Material shown:
+--

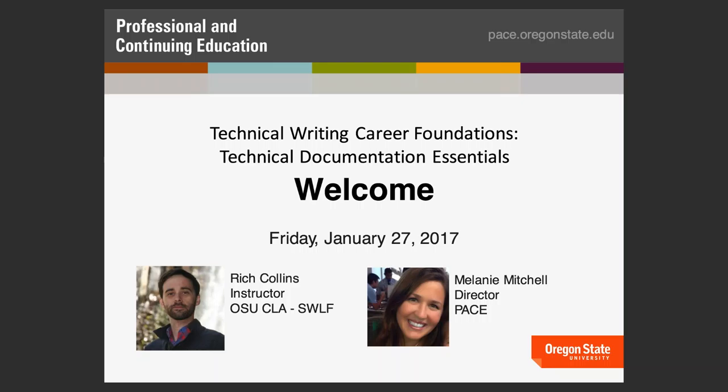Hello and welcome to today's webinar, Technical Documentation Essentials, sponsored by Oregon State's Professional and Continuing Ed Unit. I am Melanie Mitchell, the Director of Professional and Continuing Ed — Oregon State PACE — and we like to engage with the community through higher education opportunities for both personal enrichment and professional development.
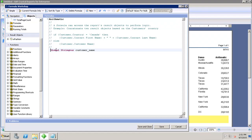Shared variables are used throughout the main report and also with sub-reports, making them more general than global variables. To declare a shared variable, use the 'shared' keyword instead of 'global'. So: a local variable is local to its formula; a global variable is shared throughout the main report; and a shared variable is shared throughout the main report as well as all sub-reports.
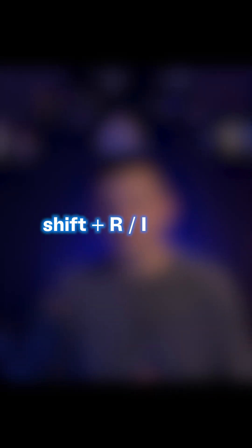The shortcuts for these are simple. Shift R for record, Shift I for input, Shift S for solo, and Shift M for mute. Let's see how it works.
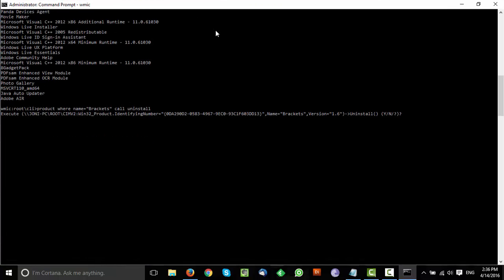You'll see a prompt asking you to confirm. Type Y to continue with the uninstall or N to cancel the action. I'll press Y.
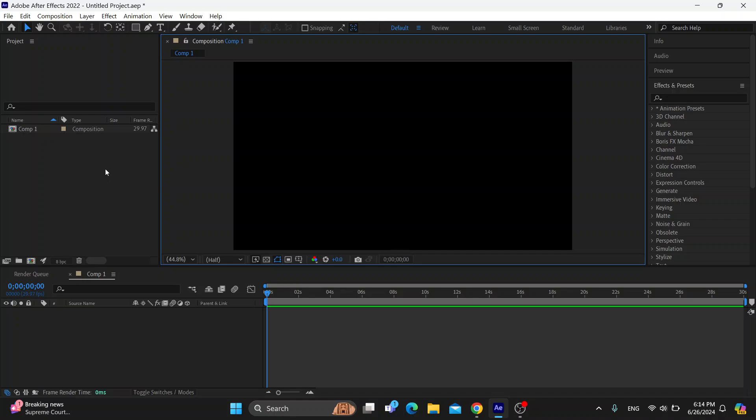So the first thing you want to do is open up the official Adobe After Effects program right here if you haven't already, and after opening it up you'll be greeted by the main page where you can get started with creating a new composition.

+--

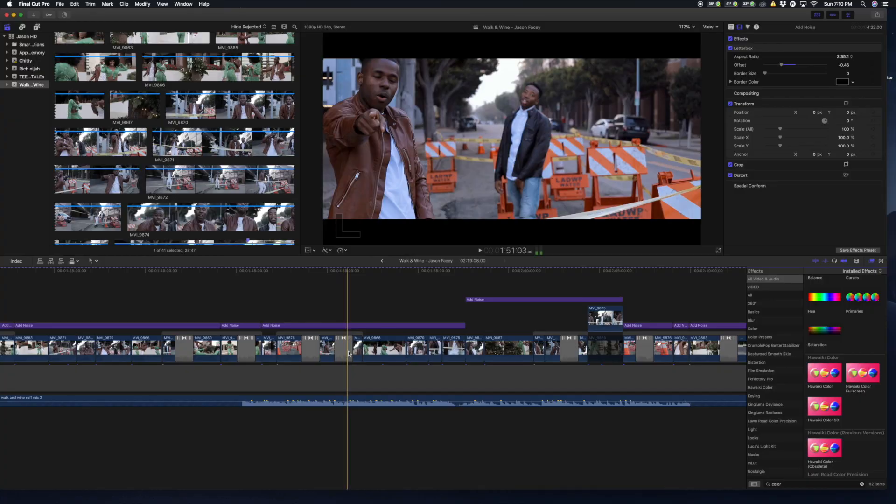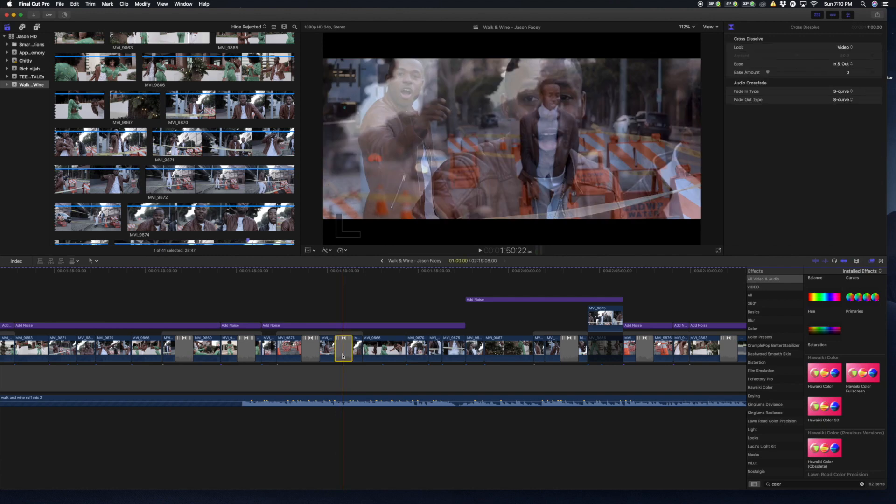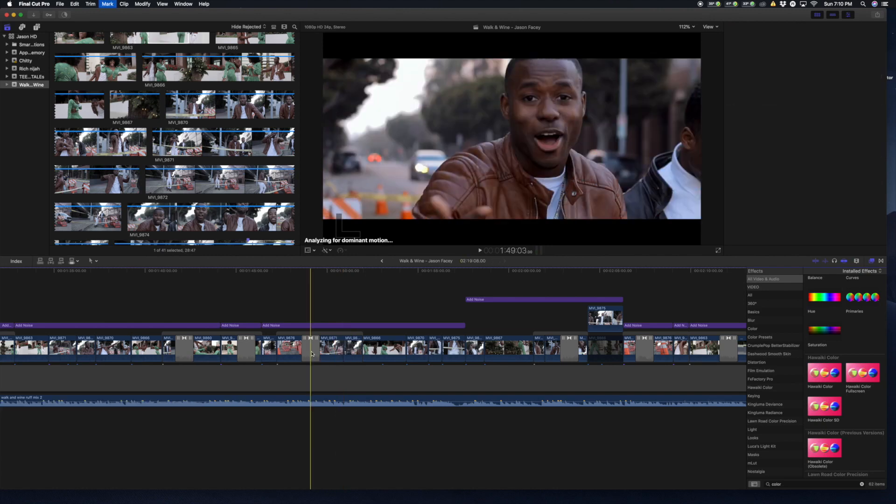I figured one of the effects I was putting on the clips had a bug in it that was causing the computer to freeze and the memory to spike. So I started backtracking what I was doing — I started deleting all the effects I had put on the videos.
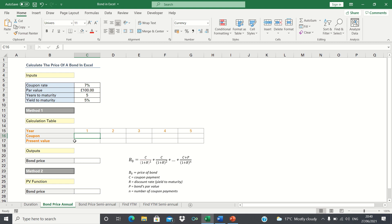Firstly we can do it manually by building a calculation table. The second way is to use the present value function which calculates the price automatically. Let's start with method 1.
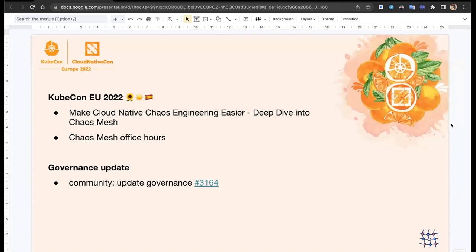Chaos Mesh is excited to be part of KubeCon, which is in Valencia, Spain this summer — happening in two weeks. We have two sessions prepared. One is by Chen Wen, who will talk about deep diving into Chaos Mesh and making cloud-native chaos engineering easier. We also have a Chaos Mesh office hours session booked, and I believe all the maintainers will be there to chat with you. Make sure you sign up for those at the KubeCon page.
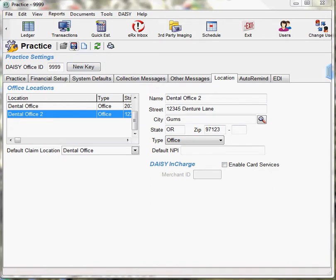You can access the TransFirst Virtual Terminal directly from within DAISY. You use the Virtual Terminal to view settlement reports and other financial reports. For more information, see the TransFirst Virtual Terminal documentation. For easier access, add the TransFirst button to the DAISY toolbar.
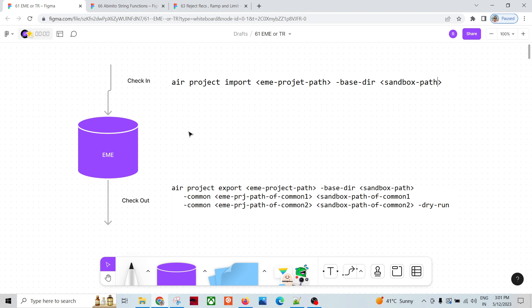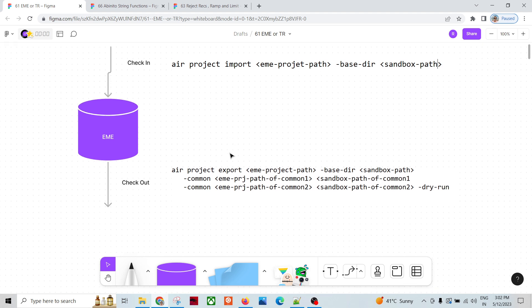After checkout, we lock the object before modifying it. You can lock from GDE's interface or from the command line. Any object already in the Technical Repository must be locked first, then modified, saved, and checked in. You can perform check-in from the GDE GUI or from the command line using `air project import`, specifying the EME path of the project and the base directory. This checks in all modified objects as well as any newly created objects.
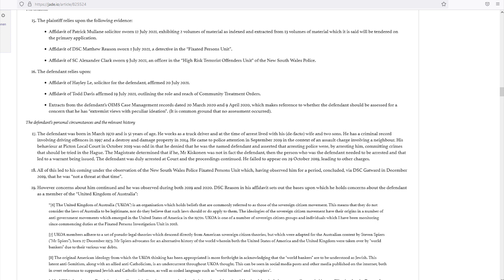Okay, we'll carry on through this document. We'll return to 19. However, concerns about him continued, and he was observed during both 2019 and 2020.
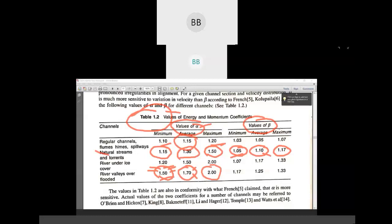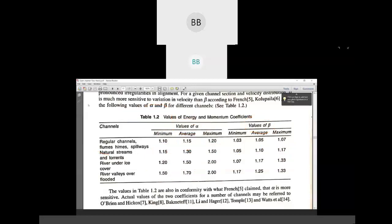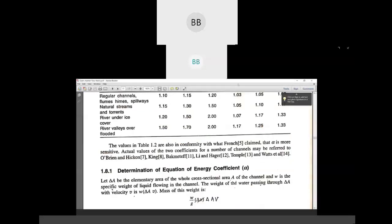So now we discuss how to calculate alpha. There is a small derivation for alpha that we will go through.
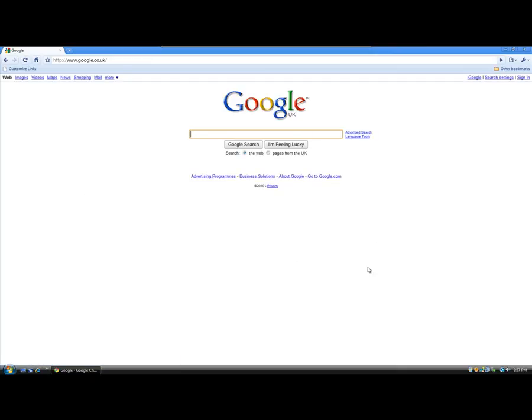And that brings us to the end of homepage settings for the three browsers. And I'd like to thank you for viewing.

+--

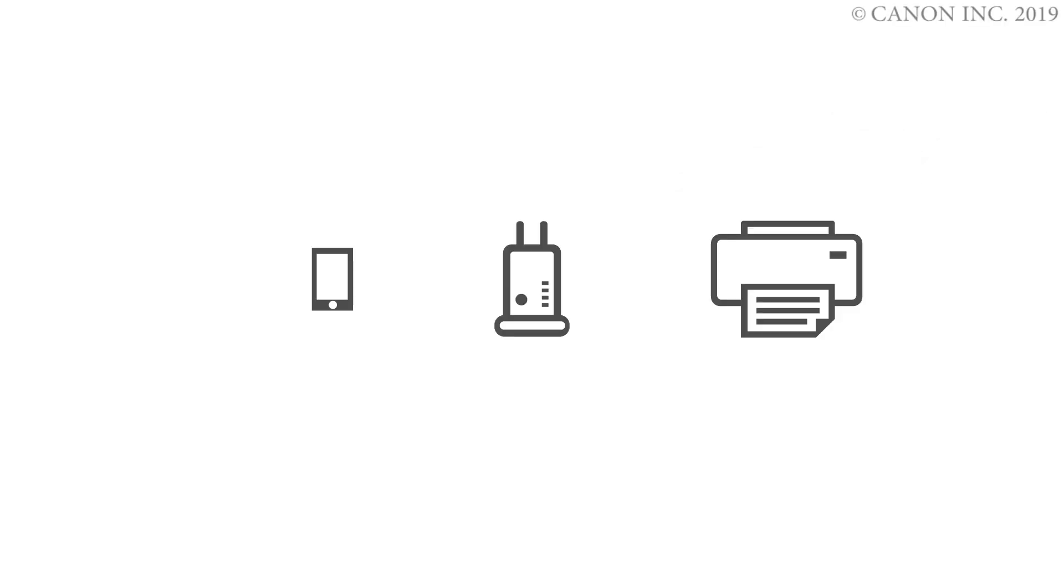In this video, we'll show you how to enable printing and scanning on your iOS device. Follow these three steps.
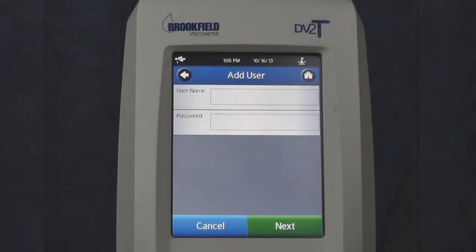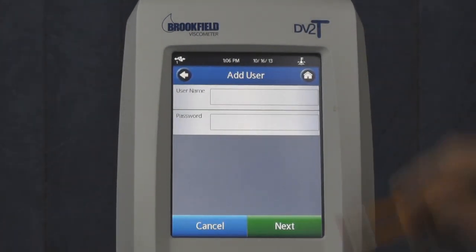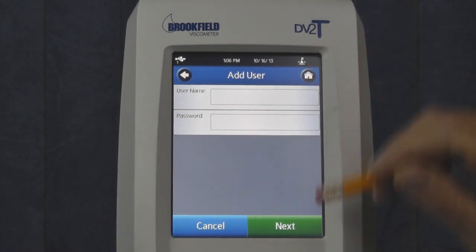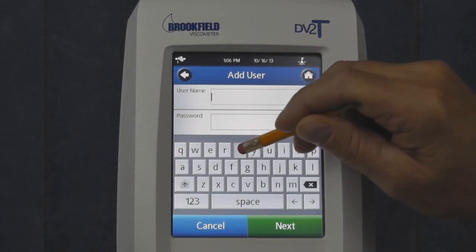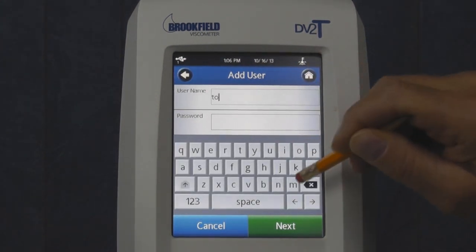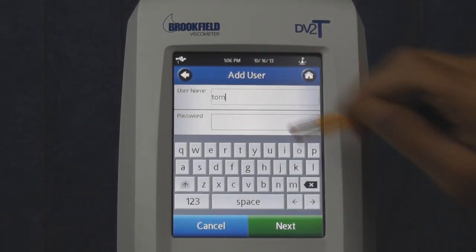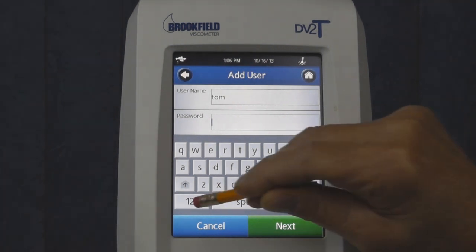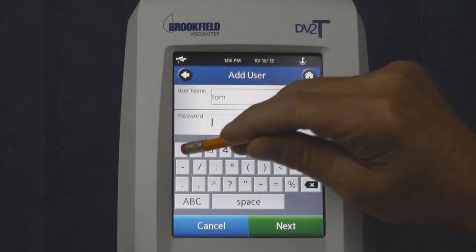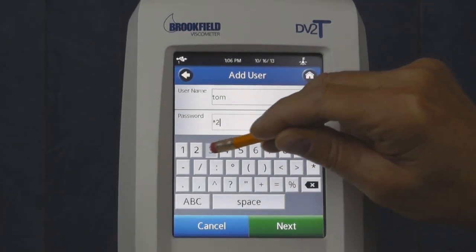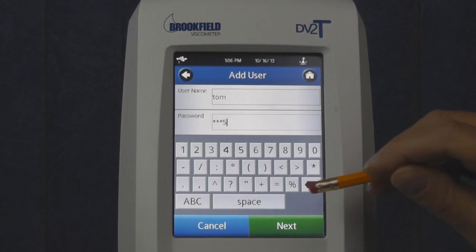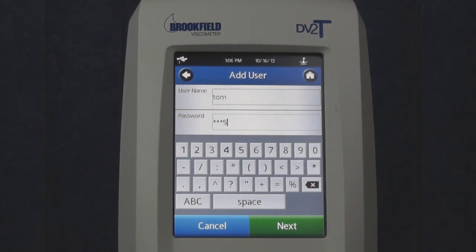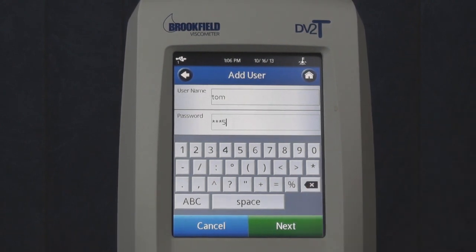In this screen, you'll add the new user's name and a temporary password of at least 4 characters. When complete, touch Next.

+--

Could you repeat, exactly, only the lines above starting at the one that has "Hello and welcome" and stopping after the one that has "The shortcuts for", without the pictures?

Task answer:
Hello and welcome to today's webinar, Technical Documentation Essentials, sponsored by Oregon State's Professional and Continuing Ed Unit. I am Melanie Mitchell, the Director of Professional and Continuing Ed — Oregon State PACE — and we like to engage with the community through higher education opportunities for both personal enrichment and professional development.
Shared variables are used throughout the main report and also with sub-reports, making them more general than global variables. To declare a shared variable, use the 'shared' keyword instead of 'global'. So: a local variable is local to its formula; a global variable is shared throughout the main report; and a shared variable is shared throughout the main report as well as all sub-reports.
The shortcuts for these are simple. Shift R for record, Shift I for input, Shift S for solo, and Shift M for mute. Let's see how it works.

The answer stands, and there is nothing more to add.